Chinese investment stimulates local beef industry
As the first China International Import Expo (CIIE) held in Shanghai this last week comes to an end, attention turns to the South African beef industry, one of the clear winners of increased favourable relations between China and South Africa. The two nations signed a landmark trade agreement in 2017, allowing SA to export its beef products to China, in turn creating a booming local beef industry.
Cape Town, 12 November 2018: Successful Public Private Partnerships (PPP) are essential to unlocking lucrative trade agreements that stimulate economic growth.
This is the view of Louw van Reenen, CEO of Beefmaster, who was a guest of the department of trade and industry (dti) at the prestigious CIIE held in Shanghai from 5 to 10 November 2018. Beefmaster is a renowned South African beef producer fast cementing its reputation as an international specialist supplier of world-class products, with a customer base that stretches throughout southern Africa to the Middle East, Far East, and beyond.

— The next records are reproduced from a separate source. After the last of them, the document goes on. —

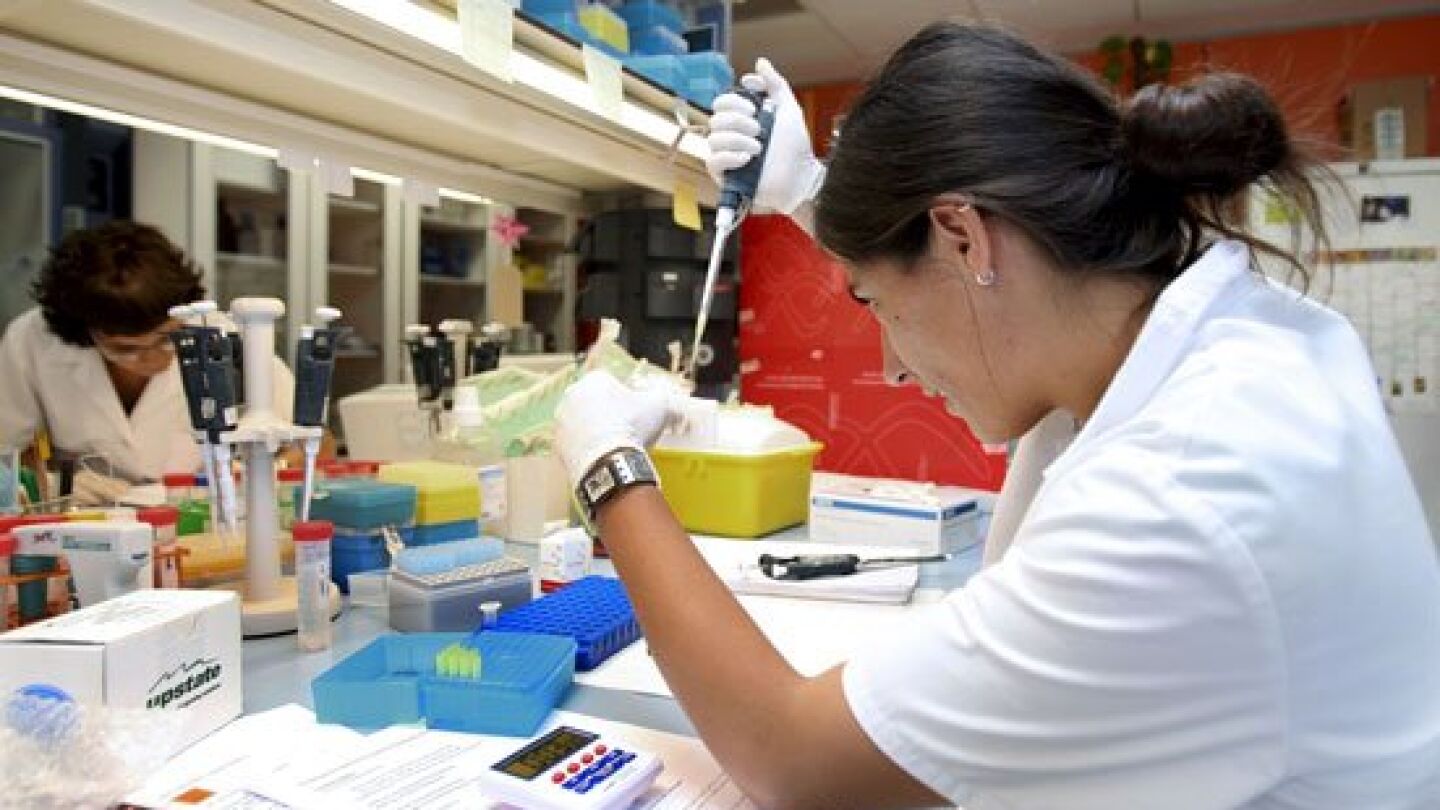 Una cient&iacute;fica realiza pruebas en un laboratorio en una imagen de archivo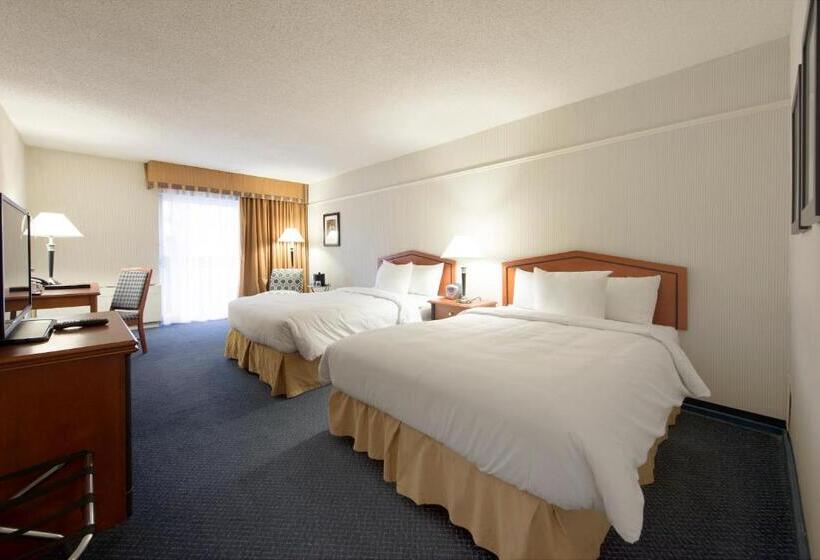 اتاق استاندارد, Toronto Don Valley Hotel And Suites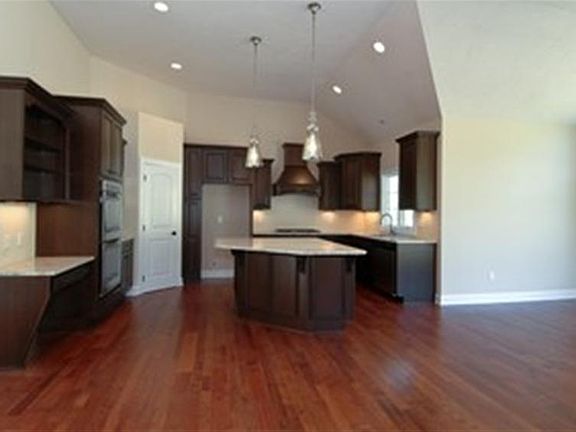 2nd image of 807 Reigh Ct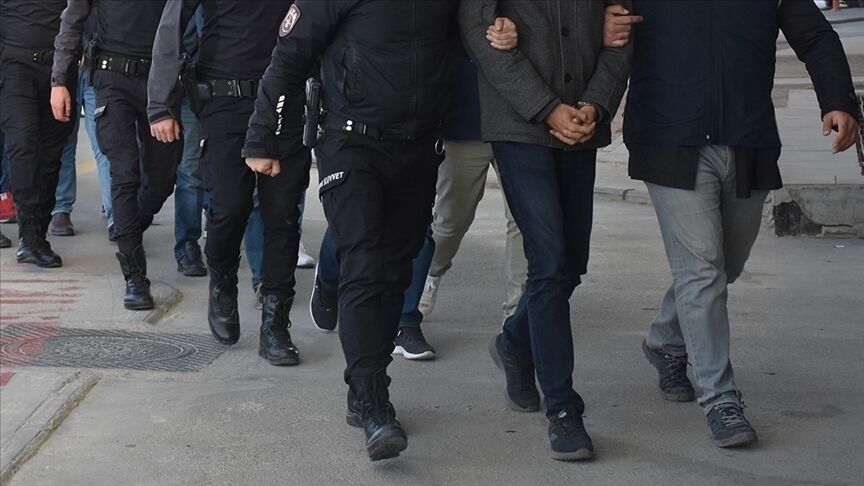 Denizli Haber İzmir'de Suç Örgütüne Yönelik Operasyonda Yakalanan 17 Şüpheli Tutuklandı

“Since the start of the trade agreement with China, Beefmaster’s exports have doubled. This is despite the limits created by the volatile maize price, the shortage of weaners, which made introducing fresh stock to our herd challenging, and a pervasive country-wide drought,” said van Reenen, speaking from Shanghai.
He added that agreements such as these ensure that the meat industry remains profitable, a stable source of revenue and employment, and stimulates the growth of commercial and emerging farmers.
Beefmaster is currently only one of three beef producers in the country that has been exporting its products to the Chinese market under the trade agreement. Due to the quality of beef cuts supplied by Beefmaster, the Chinese market has gradually increased its demand for select cuts.
Recent reports echo this trend, with the Organisation for Economic Co-operation and Development (OECD) suggesting that beef will be the fastest-growing import sector in China in coming years. China’s official beef imports have grown almost 20-fold from 23,702 tons in 2010 to an estimated 460,000 tons in 2015.
“Our status as a preferred supplier of red meat to the Chinese export market is as a result of our leading-edge technology in the areas of herd management, productivity, purchasing, marketing, hygiene and housekeeping,” said van Reenen, adding that its state-of-the-art technology allows the company to customise and “produce to order”.
Van Reenen believes that PPPs will go a long way to help strengthen the local farming industry and create a trustworthy export industry that is renowned for its beef quality products.
“We are committed to working with emerging farmers. We run mentoring and educational programmes, often alongside Government, to empower smaller farmers in the meat and fodder industries. We want to see more farmers reach the scale and high-quality herd standards required to take advantage of export markets. It is only by all parties working together that we will be able to achieve this,” said van Reenen.
Sectors that participated in the CIIE from South Africa and on invitation from the dti included agro-processing, footwear and leather, engineering, petro-chemicals, railway components, defence, and information and communications technology.
“The CIIE was an excellent platform to promote South Africa’s trade and investment capabilities, and it was an honour to be part of it. Our purpose in attending was to thank our existing customers in China for their continued business and further cement our good relationship with them,” said van Reenen.
According to reports, total trade between the two nations grew from R205 billion in 2012 to R318 billion by the end of 2017.